Il Segretario del PD non può credere veramente che quella di Calenda sia un’alzata d’ingegno, che abbia realmente mancato alla parola data solo cinque giorni prima, perché tutti coloro che in questi giorni hanno seguito i dibattiti televisivi e le dichiarazioni dei leader ricorderanno che Calenda aveva delimitato il “perimetro”, come va di moda dire oggi, dell’alleanza precisando che non avrebbe dovuto ospitare quanti avevano votato contro il governo Draghi provocandone la caduta, il Movimento 5 Stelle e Sinistra Italiana di Fratoianni. Non è, dunque, Calenda che è venuto meno all’impegno assunto, è Letta che ha voluto forzare la mano immaginando che, proprio in ragione del sistema elettorale e della promessa di alcuni seggi, il leader di Azione non avrebbe reagito all’estensione della coalizione. Adesso potrebbe cambiare lo scenario al centro, ove Calenda si alleasse con Matteo Renzi. Tuttavia, una cosa è certa: sull’esito delle elezioni, come prefigurato dai sondaggi, è difficile immaginare che Letta, Calenda o Renzi possano influire.

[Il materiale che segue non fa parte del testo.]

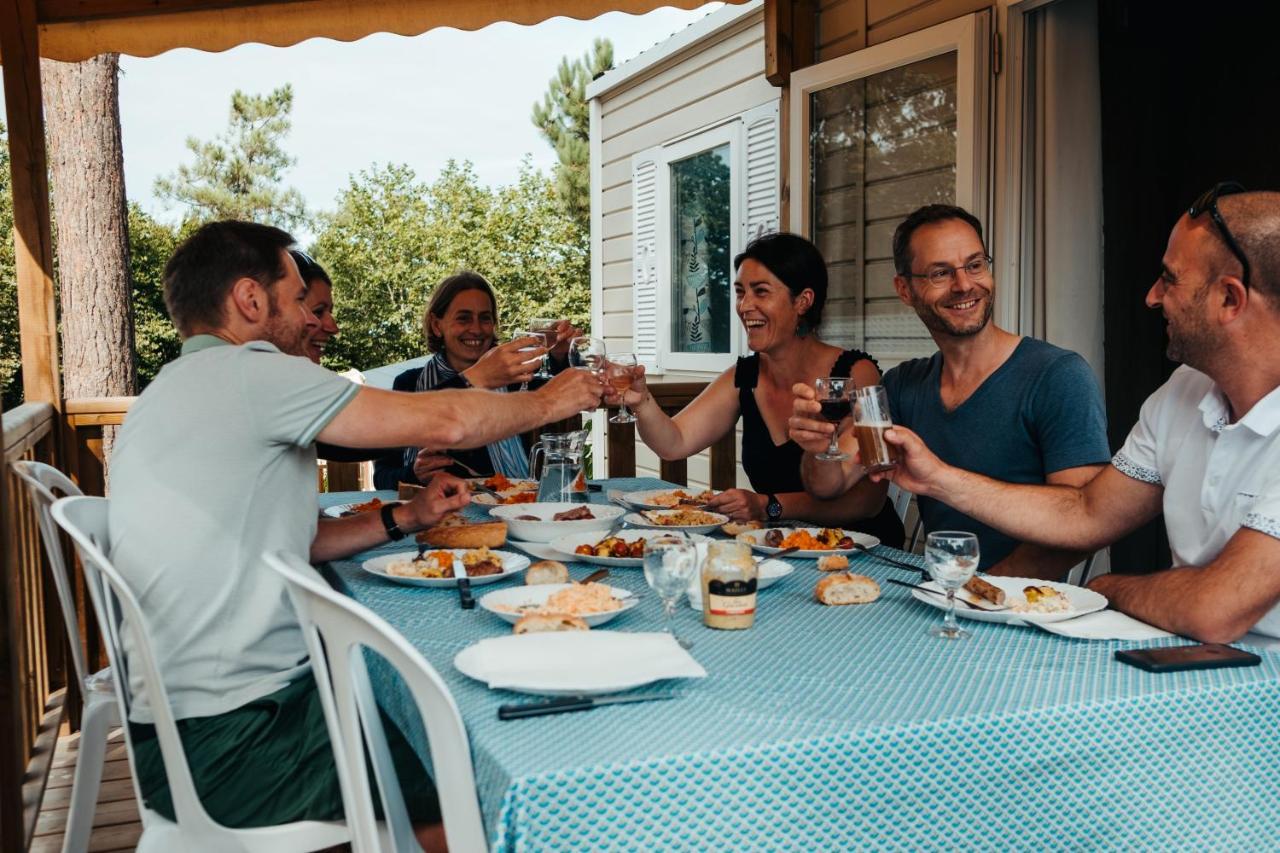 Mobil Home Xxl 4 Chambres - Camping La Pointe De Roscoff Εξωτερικό φωτογραφία
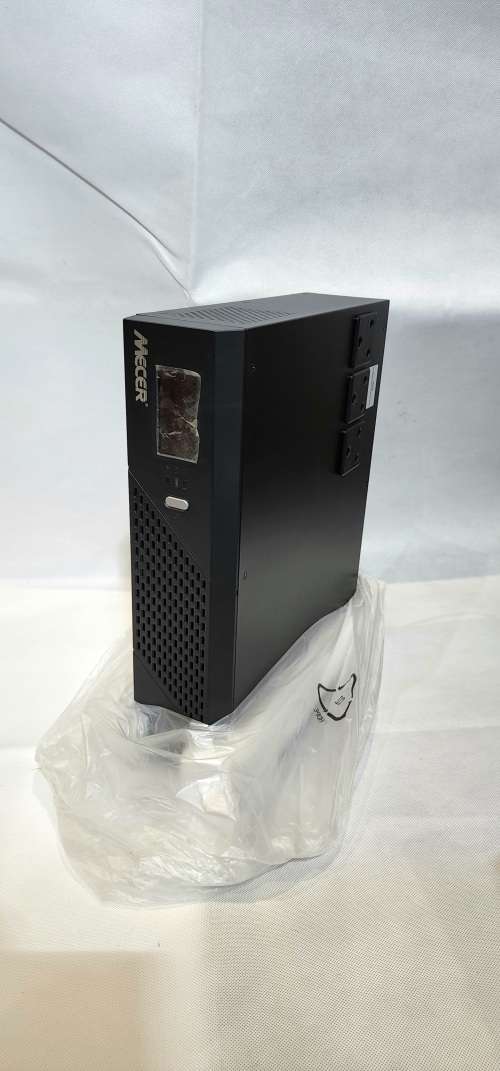 Mecer 2400VA Inverter - Black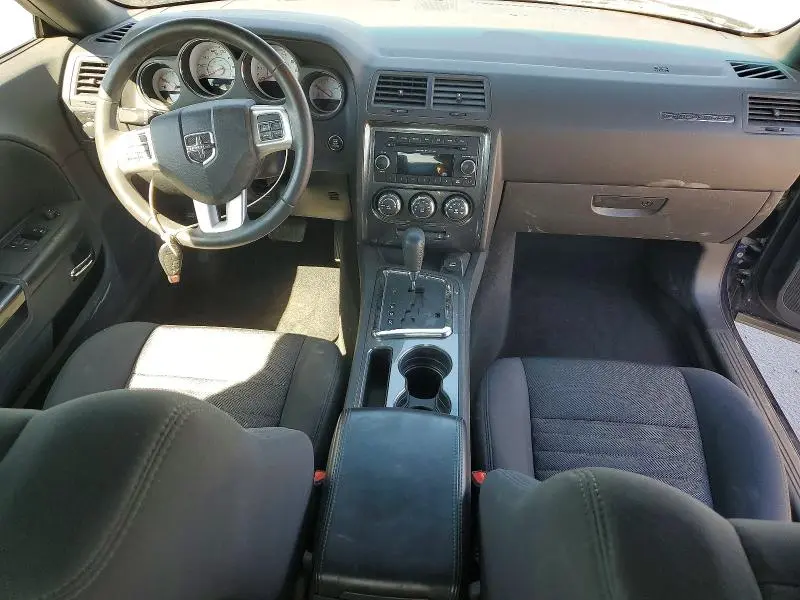 2013 DODGE CHALLENGER SXT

Ma continueranno, insieme all’avvocato Giuseppe Conte, a rinfacciarsi errori di strategia fino al 25 settembre quando le urne diranno come gli italiani giudicano la politica dell’ultima legislatura e dei tre governi che hanno gestito pandemia, il conseguente grave disagio economico e sociale e la crisi bellica. Figure politiche modeste, come quelle che Vincenzo De Luca, Presidente della Regione Campania, chiama “personaggetti”.